Coda File System

Re: Coda reliability question

From: Jan Harkes <jaharkes_at_cs.cmu.edu>
Date: Mon, 10 Dec 2001 11:16:41 -0500
On Mon, Dec 10, 2001 at 04:47:08PM +0100, Torbj|rn Lindh wrote:
> In June 2000 I installed coda on a number of our clients and set up a
> coda server (a Linux). It all seemed to work rather nicely until I
> tested the server by simply pulling the power cord.
> 
> After reboot and a lot of fsck it came up but the coda server just
> would not restart.

There are many reasons why the server might not want to restart. If your
system clock is fast, (or the CMOS clock is slow), time will jump back
and RVM will refuse to to commit a transaction that occured 'in the
past', as all transactions are supposed to be serialized.

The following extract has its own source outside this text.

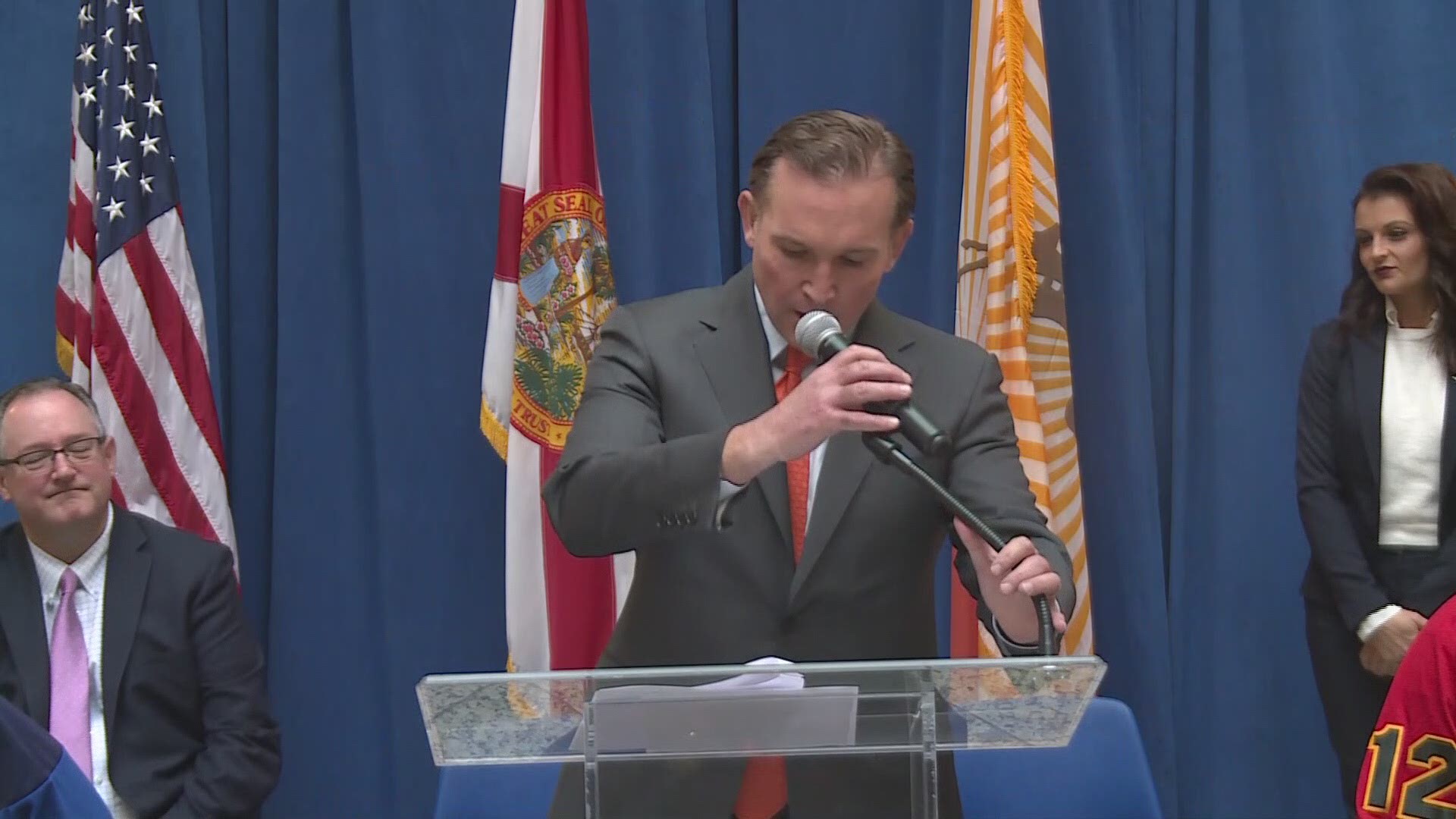 During a Guns N' Hoses Hockey Match announcement, Mayor Lenny Curry delivers a few remarks on the DUI crash that killed JSO employee Cathy Adams over the weekend.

Another reason could be that although the metadata is committed to disk,
Linux writes the container files asynchronously in the background. Fsck
fixes up the minor discrepancies (i.e. does it's best to covers up that
something might have been lost). But Coda hates silently losing things
and asserts as soon as the metadata in RVM doesn't match the on-disk
data. The original systems on which Coda was developed (Mach and NetBSD)
have synchronous filesystems and typically have such a discrepancies for
a short amount of time, with Linux there is at least a 30 second window.
Things might be better with a journalling filesystem (reiserfs or ext3),
but I haven't tried.

Then I've occasionally seen the RVM log being corrupted, as server
typically truncate the log pretty often (I believe after we've acked any
operation to the client), there commonly isn't that much in there and it
is possible to use rvmutl to 'reset/clear' the log. This is pretty much
what fsck is doing, simply discarding whatever seems suspicious and
falling back to a hopefully consistent previous state.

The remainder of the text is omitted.